The joint-use school will provide space for 400 Regina Public School students and 250 Regina Catholic students.
The project is in its infancy, with the planning phase expected to take place within the next eight to 12 months, said Minister of Education Gord Wyant. Both school divisions will work with the Ministry of Education and the City of Regina to put forth a plan and acquire land for the new school.
Construction is expected to begin in a year, Wyant said.
The education minister says the school will be built in the area of Harbour Landing “to alleviate the challenges and pressures in the existing school.”
This year the school’s French immersion students moved to Dr. A.E. Perry School because there wasn’t enough space in Harbour Landing, despite the school being one of the province’s newest builds.
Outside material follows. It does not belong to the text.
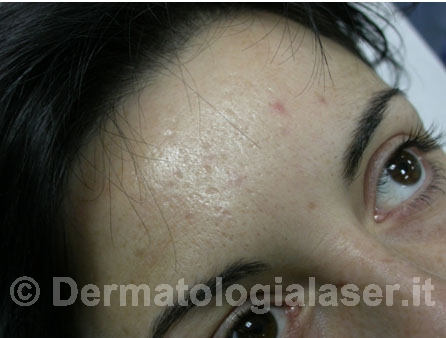 Cicatrici da acne prima dell’intervento – Dermatologia Salerno – Dott. Ligrone 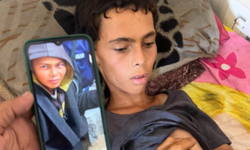 Gazze'de kıtlık nedeniyle bir çocuk daha hayatını kaybetti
The school was built in 2017 and was designed to accommodate 650 students. In the 2019-20 school year, 927 students attended the school, according to a report from Regina Public Schools.
Regina Public Schools says the expansion of the French Immersion program and residential development in the area have added pressure to the school.
“Consistently, over the past number of years, Regina Public Schools is experiencing enrolment growth that is equivalent to one small to medium-sized school every year,” said the school division’s board chair Katherine Gagne.
“Nowhere have we seen this growth as we’ve seen in the Harbour Landing community.”
On Thursday, dignitaries joined representatives from both school divisions to announce the planning stage.
“Because of the growth of the area, we are here anticipating the construction of two new schools, which is so desperately needed to meet the significant growth of this area and the needs of our students,” said deputy chair of Regina Catholic Schools Vicky Bonnell.
The school divisions have received $2 million from the Ministry of Education to use on planning the project, money that was “so desperately wanted,” said Gagne.
The total budget of the project is projected to be $40 million, according to the government of Saskatchewan.